Accountability is not ‘sexy.’ You can’t take inspiring photos of it, and it requires meticulous hard work on complicated topics, but I still love it. I know that without a well-functioning accountability system, we will not progress towards the safe and just future so many of us are striving to achieve.

Large-scale, systemic environmental problems - such as the climate crisis, water pollution, air pollution, and mass species extinction - resulting from our extractive economies and overconsumption will not be solved without far greater government and corporate accountability for environmental harm.

There are plenty of available frameworks and targets aiming to halt and reverse the damage we’ve done, but these alone are not enough. Nor is the disclosure of our impacts and dependencies on nature or the climate.

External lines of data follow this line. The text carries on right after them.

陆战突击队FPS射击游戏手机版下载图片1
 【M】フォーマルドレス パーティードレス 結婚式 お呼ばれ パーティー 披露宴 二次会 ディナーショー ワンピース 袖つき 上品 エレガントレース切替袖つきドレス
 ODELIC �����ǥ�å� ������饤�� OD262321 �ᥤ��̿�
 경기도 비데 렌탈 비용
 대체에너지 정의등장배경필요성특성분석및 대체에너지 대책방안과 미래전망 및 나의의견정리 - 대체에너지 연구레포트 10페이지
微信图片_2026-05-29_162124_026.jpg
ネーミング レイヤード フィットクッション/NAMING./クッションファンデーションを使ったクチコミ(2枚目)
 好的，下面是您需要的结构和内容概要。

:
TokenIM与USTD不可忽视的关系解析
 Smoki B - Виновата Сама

We need a tightly woven web of accountability actors working together to provide a comprehensive solution of support and pressures.

I sense a huge wave of enthusiasm and excitement that somehow, we are finally turning the corner towards a different sort of capitalism than we’ve had in the past. And I’m not alone.

You’d be hard-pressed to find a CEO or a major investor who does not at least pay lip service to the idea of corporate action on at least one sustainable development goal beyond their usual earnings targets.

Corporates largely understand the need to support their workers and steward the environment in which they operate (including in their supply chains) to maintain business continuity.

But the key word here is ‘somehow’.

“Accountability should not be a dirty word for companies to fear and avoid.”

Energy and enthusiasm can only take us so far. That ‘somehow’ requires an army of ‘accountability warriors’ using a variety of tools and pulling a variety of levers: from data and standards, to finance, campaigns, technology, as well as laws and regulations.

That 'somehow' is accountability: holding corporates – and governments – to account for the promises they make. I don’t see accountability as putting a target on companies’ backs as they navigate the myriad of competing sustainability demands. It’s not just naming and shaming. Accountability should not be a dirty word for companies to fear and avoid.

Accountability is about incentivising, corralling, supporting, raising awareness, building capacity, benchmarking, monitoring, reporting, verifying, and disclosing. It about supporting companies on their sustainability journey.

The more we can focus on 'carrots' the fewer 'sticks' we will need to wave about. The more companies understand the real risks of underpaid workers and polluted waterways, the more likely they are to adopt meaningful changes.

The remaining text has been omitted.